Künstlergruppe Fauves im Kunstmuseum BaselAls die «Bestien» die Ketten sprengten
Sie waren die ersten Avantgardisten des 20. Jahrhunderts. Das Basler Museum widmet der Bewegung um ihren Star Henri Matisse eine umfassende Schau.

Vier, nein fünf gemalte Akte eröffnen im ersten Saal die Ausstellung zur Avantgarde-Bewegung der Fauves im Kunstmuseum Basel. Neben Henri Matisse’ geradezu düsterer «Nu aux souliers roses», einer nackten Frau in einem dunklen Raum, die einzig mit rosa Schuhen bekleidet ist, hängen vier auffallend ähnliche Atelierbilder. Im Zentrum steht jeweils ein hell erleuchtetes weibliches Modell. Es wird von einem Herrn gemalt – einmal ist auch eine Malerin zu erkennen –, der mit Hut und Frack bekleidet im abgedunkelten Hintergrund sitzt.
Diese Atelierbilder thematisieren den Ursprung der Fauves (auf Deutsch Raubkatzen, wilde Tiere, Bestien). Die Pariser Künstlerbewegung ist aus Abgängern der Klasse des Symbolisten Gustave Moreau entstanden und malte oft zusammen im gleichen Atelier. Auf den drei Bildern aus dem Jahr 1905 steht die Nackte frontal zum Betrachter, sodass sie dem Maler ihren Rücken zuwendet.
Den Körper der weiblichen Figur modellieren die Kunstmaler Albert Marquet und Henri-Charles Manguin sowie ein nicht identifizierbarer Anonymus aus unzähligen rosa, weissen, braunen und im Schatten auch blauen Farbtupfern.

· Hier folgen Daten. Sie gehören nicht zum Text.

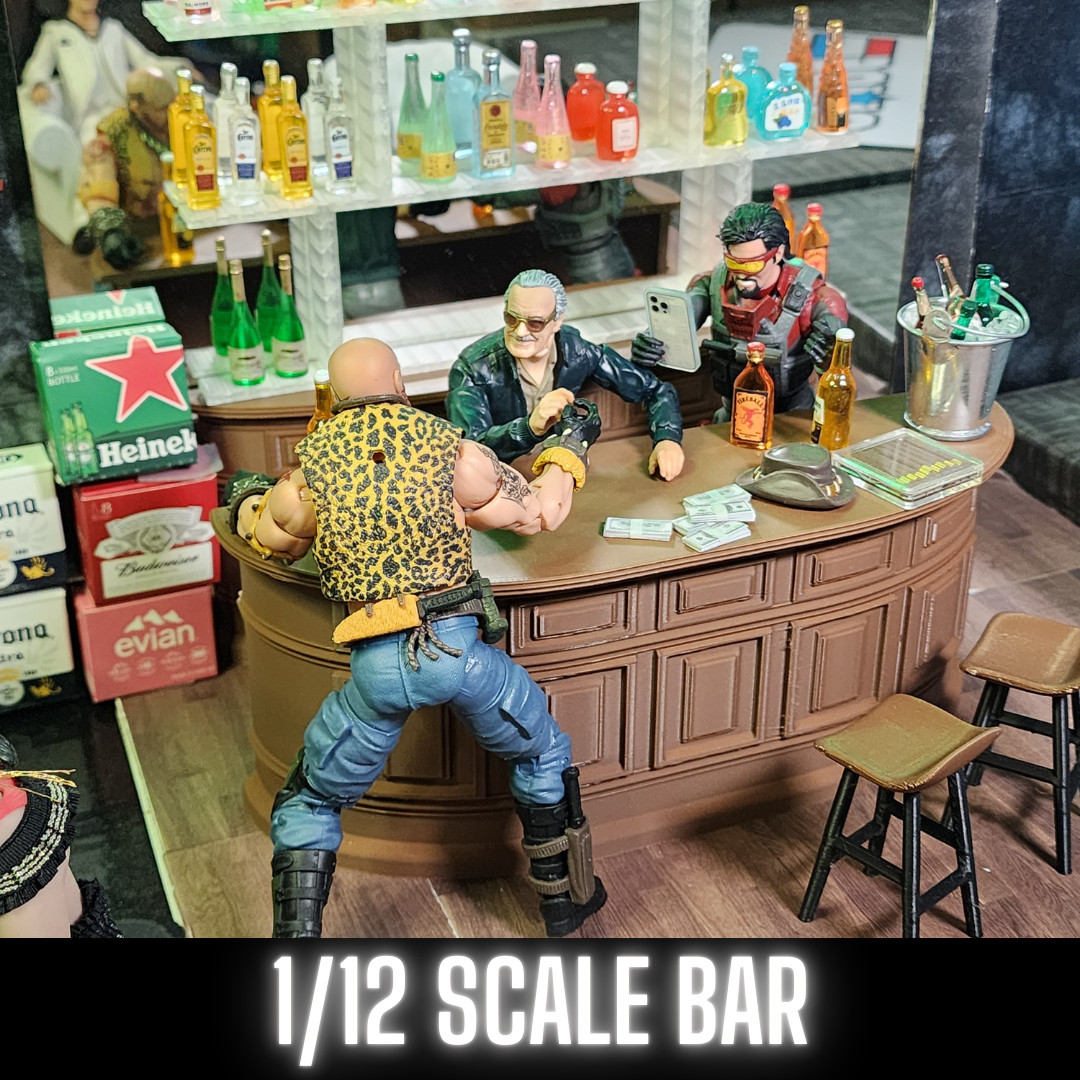 1/12 SCALE BAR SET, With Back Bar and Bottle Rack and 2 Bar Stools,  3D Custom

Die Farbigkeit der Realität ist hier eine prismatisch zerlegte, die vom Maler in einem expressiven Duktus neu zusammengesetzt wird. Bei Albert Marquets mit «Matisse dans l’atelier de Manguin» betiteltem Gemälde entdecken wir sogar blaue Umrisslinien, wie wenn hier der Zeichner dem Maler den Pinsel entwendet hätte.
Und siehe da, es sind genau diese Linien, denen wir später wieder begegnen, im Raum mit den längst ikonisch gewordenen Aktzeichnungen von Henri Matisse. Sie zaubern mit einem Minimum an Linien ein Maximum an Emotion aufs Papier und erzielen an Auktionen, je nach Ausführung und Schönheit des Blattes, leicht Preise zwischen 10’000 und 50’000 Franken – was für Zeichnungen beträchtliche Summen sind.
Gemälde zu horrenden Preisen
Es liegen nur etwa vier Jahre zwischen den frühesten und spätesten Bildern, die man der Bewegung der Fauves zurechnet. Museumsdirektor Josef Helfenstein und Gastkurator Arthur Fink erzählen die Geschichte dieser ersten Avantgardebewegung des 20. Jahrhunderts mit nicht weniger als 160 Werken, viele Leihgaben aus Europa, den USA und Japan, die noch nie in der Schweiz zu sehen waren.
Wobei auffällt, dass von André Derain mehr Gemälde (24 von insgesamt 41 Werken) zu sehen sind als von Henri Matisse, dem Star der Bewegung, der zwar mit 49 Werken vertreten ist, aber nur mit 16 seiner inzwischen zu horrenden Preisen gehandelten Gemälden.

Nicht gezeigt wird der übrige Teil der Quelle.